Coming up next, Singh is due to open two new Melbourne restaurants: Aanya, a 20-seat Indian fine diner in Collingwood and Bibi Ji, a more casual Lygon Street spot in the former Cafe Notturno.

With so much on his plate, you’d think family get-togethers might fall off the schedule. But a hectic work life is all the more reason to catch up and check in, he says.

“People ask me, ‘Don’t you want to just sit and have a day off?’ I’m like, no man, I find comfort and joy in having you come over. I don’t want to have a day off and just keep going out to someone else’s restaurant – that’s just normal hospitality life.”

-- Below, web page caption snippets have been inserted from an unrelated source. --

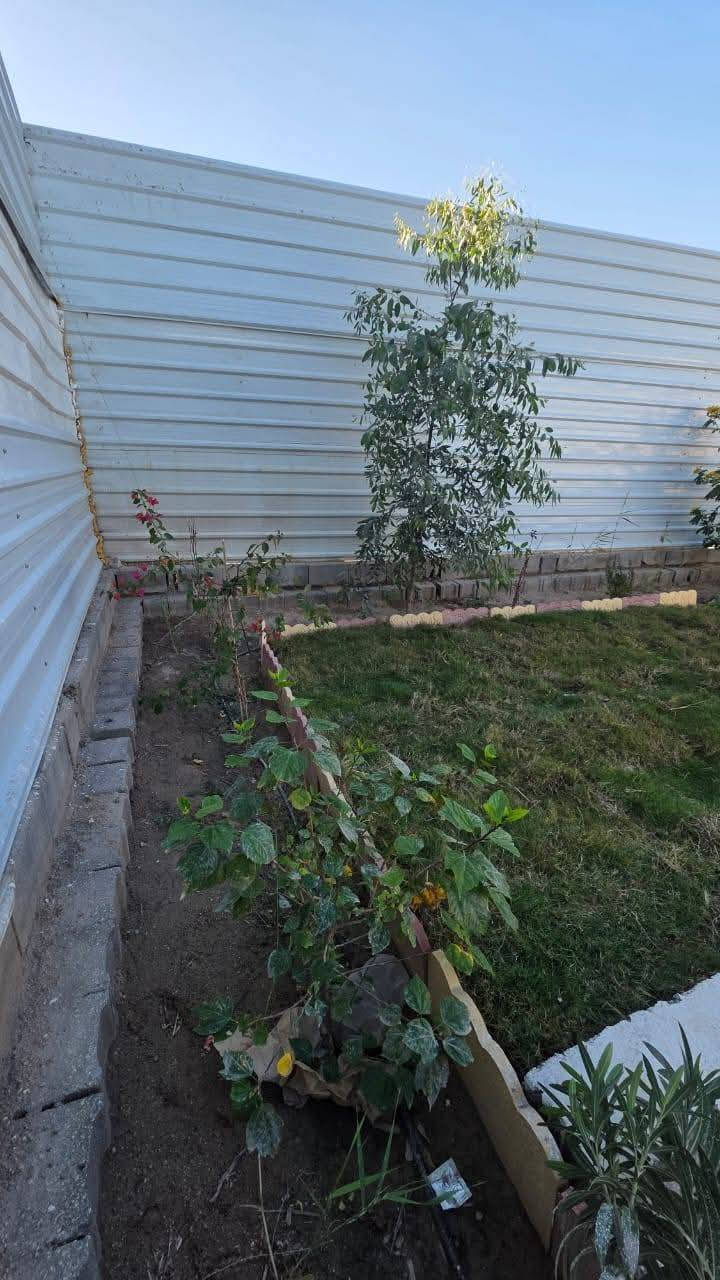 السلام عليكم ورحمة الله
وفرنالكم 
شاليه للبيع تريد سكن تريد استراحه
#مساحه 200 متر 
#السعر 40 
#موقع مميز في البصره ابي الخصيب شارع المحكمه الجديده (كوت الحمداني )
يحتوي على غرفه للاستراحه 
وصحيات 
وكراج
شلال 
الباقي حديقه 
كافة الخدمات متوفره
شارع ١٠ متر ***********
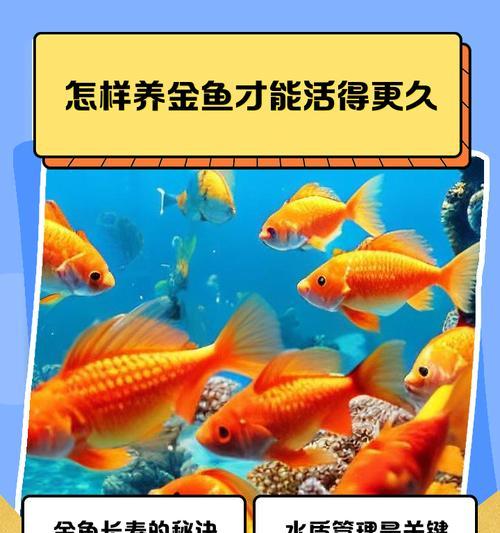 金鱼褪色了，还能活吗？（探究金鱼褪色原因及其对鱼的生存的影响）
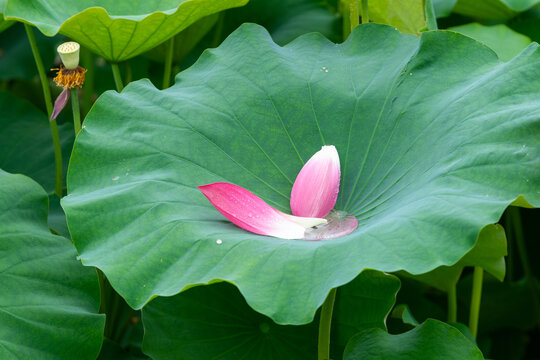 荷花花瓣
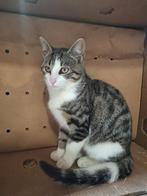 Drie lieve jonge poesjes te koop, Dieren en Toebehoren, Meerdere dieren, Kortharig, 0 tot 2 jaar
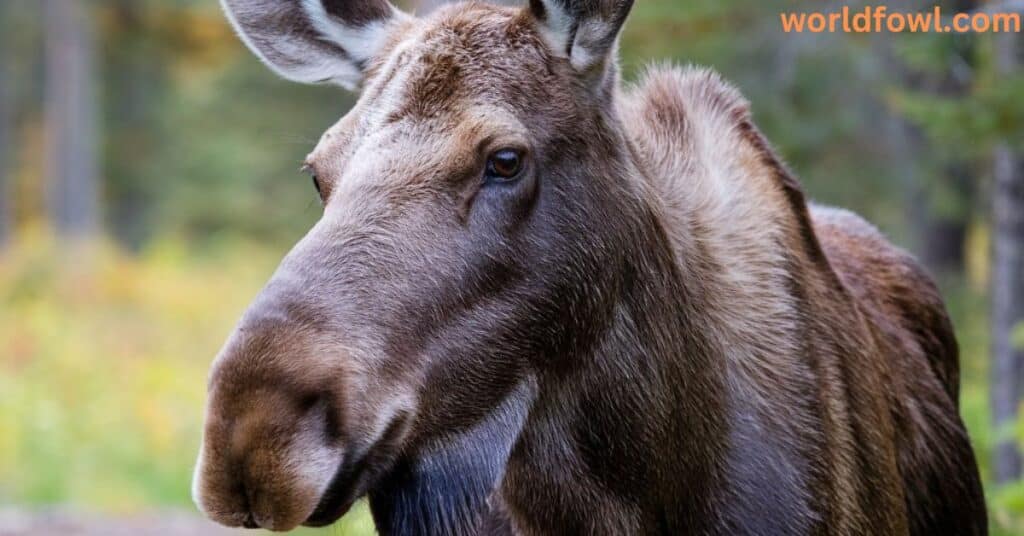 Do Moose Attack Humans? Caught in the Crosshairs!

Right now, Singh and his guests sit chatting on the penthouse balcony, enjoying their meal and the view. But it’s more than just an incredible vista, he says.

“The view represents for us our hard work. We made it, we worked hard to get here and we’re amongst the most beautiful locations where we can sit, eat, sleep and drink. And that is a comfort that I think only immigrant families can understand.”

This article first appeared in Domain Review, in partnership with Broadsheet.